Suley, whom you probably know as Tasha Dawn, is the starlet Hollywood producer Jeremy Granger insisted on pushing into the lead role of the charmless zombie TV series Dead Eye and carried off to the hymeneal altar. Now the romance has gone south, and Granger wants Junior to break into the home they still share, steal a list of goodies headed by a Turner oil painting that he doesn’t want to share with Tasha, and help himself to anything else that takes his fancy. The job doesn’t appeal to Junior, who’d rather not deal with the producer everyone calls King Maybe because he delights in letting projects languish in development hell in order to bring his enemies to heel and who’s not crazy enough to attack a target equipped with state-of-the-art anti-burglary equipment, even with the homeowner’s blessing. But Junior’s in no position to refuse.
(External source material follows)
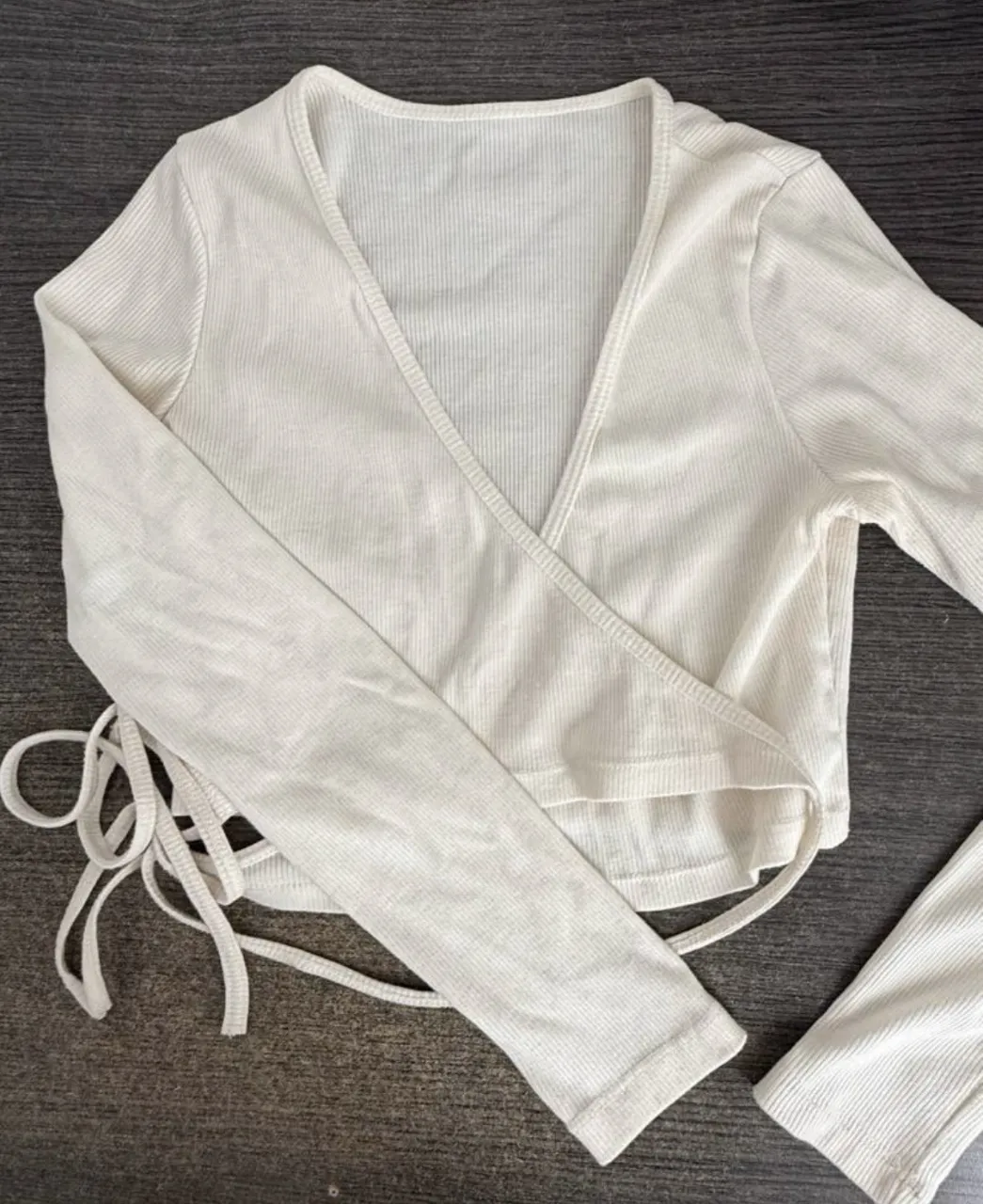 Top blanco de manga larga, estilo cruzado con lazo. Ideal para un look casual y canchero. SIN MARCA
His attempt to steal a ridiculously valuable postage stamp from a debt collector dubbed the Slugger, after his weapon of choice, has left targets on the backs of him and his current girlfriend/accomplice, Ronnie Bigelow—if that’s even her name—and more than fresh funding, he needs fresh allies who can keep the Slugger and his minions at bay. The stakes are so high that Junior can scarcely find any time for what he considers his most pressing business: rescuing his 13-year-old daughter, Rina, from the frenemy who’s determined to break up her budding romance with heartthrob Tyrone.
Junior’s sixth sense keeps warning him that he’s being set up, and it’s on the money every single time. Fans who don’t mind his ritualistically repeated failures will eat up his adventures among Hollywood types whose moral senses are even more primitive than his.